─── Data provided
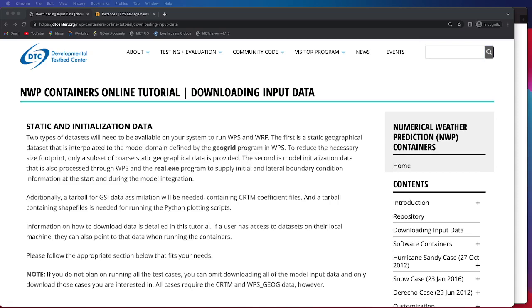I should note that in order to reduce the file size we are only providing a subset of the coarsest static geographical data.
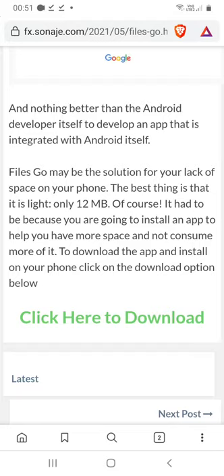Hi my friends, welcome to one more video here in the channel Just a Guy Learning English. In this video I'm going to show you how to clean the WhatsApp storage. For this we will need an application called Files Go.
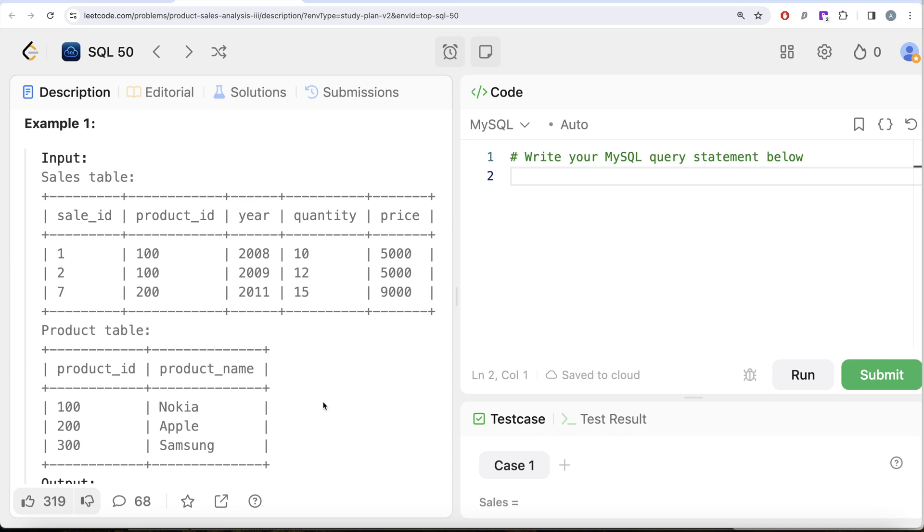You don't even need this second table to solve this question. But then you might think, why is the second table given?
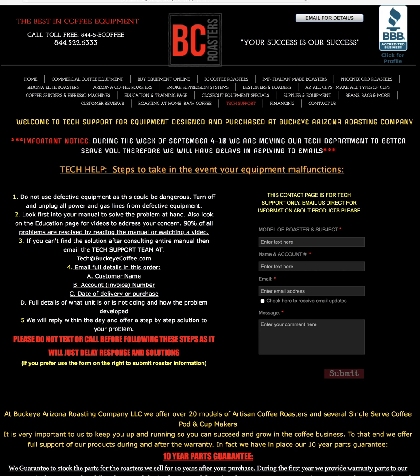coffee roasters. I wanted to show you real quickly how you can set up your PC to use Artisan software.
──────
Task. Aside from the pictures, repeat the listing exactly.

Completed task.
I should note that in order to reduce the file size we are only providing a subset of the coarsest static geographical data.
Hi my friends, welcome to one more video here in the channel Just a Guy Learning English. In this video I'm going to show you how to clean the WhatsApp storage. For this we will need an application called Files Go.
You don't even need this second table to solve this question. But then you might think, why is the second table given?
coffee roasters. I wanted to show you real quickly how you can set up your PC to use Artisan software.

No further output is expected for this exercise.